Jake never did find out where start was, as the dissipated moral energy of the graveyard had descended into the ground to rally its troops. Hands covered with the remains of clothing and flesh shot from the ground around the pair, groping for hand-holds. They all found what they were looking for, in one case grabbing Lix’s ankles and using her as an anchor to rise from the earth. ALl thoughts of sex erased from his mind, Jake narrowly evaded another pair of questing hands, his feet treading heavily on another. This didn’t stop the owner of the hands from making landfall, and soon the graveyard behind the gas station was filled with a legion of the undead chanting not for brains and the flesh of the living but for some moral strength from the youth of today.
“No hanky-panky in the graveyard,” they moaned as one, groping far more of Lix than Jake had managed to, “No hanky-panky in the graveyard!”

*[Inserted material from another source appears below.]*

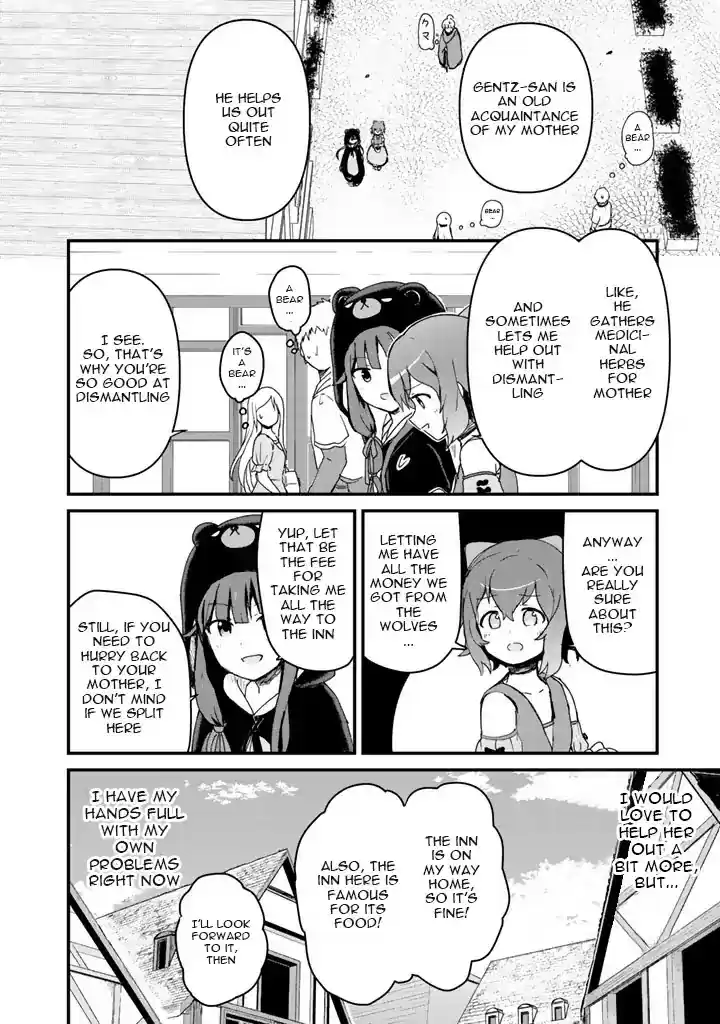 Kuma Kuma Kuma Bear Chapter 2.1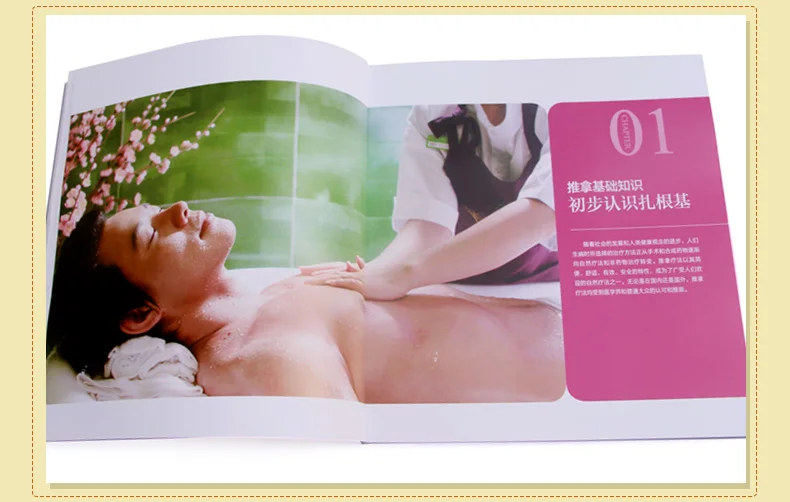 

Zero-based learning massage Massage Diagram Meridian Acupoint waist massage Daquan Massage Books Getting Started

Jake ran towards the street, trying to ignore Lix’s screams as the moral zombies tore her clothes, and then her flesh, off. Or, at least, that’s what I’m assuming since Jake had run off by this point and had only her pained screams to go by. With his outlandish story over, I asked him for proof, since none could be found. In response, he held up his hand with a single white ring upon it.
“What’s that?”
“Promise ring,” he said, “I went to church the next day and told my pastor about it, and he was sure I just had a dream brought on by overactive hormones. We talked about it, and decided the best thing to do would be to save myself for marriage.”
I haven’t talked to Jake since then, since all he ever talks about is how great it is to be celibate. As for the graveyard, every so often I sneak a peek behind it when I’m driving by the gas station, and sometimes I’m almost sure I catch a glimpse of some morally outraged elderly people determined to make sure that there’s no hanky-panky in the graveyard.